Colang is deliberately simple. The syntax is English-like: define user intent, define bot response, define flow. The cookbook recipes above cover the common cases without requiring deep Colang knowledge. For advanced cases (complex classifiers, multi-step policy chains), refer to the NeMo Guardrails documentation.
Common mistakes and fixes
NemoClaw blocks all LLM calls immediately after install.
A misconfigured colang policy can block everything. Start with the minimal passthrough policy below, confirm traffic flows, then add restrictions one rule at a time. Check NemoClaw logs: docker compose logs nemoclaw --tail 50.

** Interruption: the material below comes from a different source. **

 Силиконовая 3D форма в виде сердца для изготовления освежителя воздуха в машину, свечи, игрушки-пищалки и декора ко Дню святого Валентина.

Audit logs are written to /logs but the volume is not persisting.
The audit_log volume must be declared in both the nemoclaw service volumes and the top-level volumes block. Verify with: docker compose exec nemoclaw ls /logs/. If empty after a test message, the volume is not mounted.
Per-user skill restrictions not taking effect.
User identity is passed from OpenClaw as a header (X-OpenClaw-User). NemoClaw reads this header to apply the correct policy. If OpenClaw is behind Caddy, verify Caddy is forwarding headers: add `header_up X-OpenClaw-User {http.request.header.X-OpenClaw-User}` to your reverse_proxy block.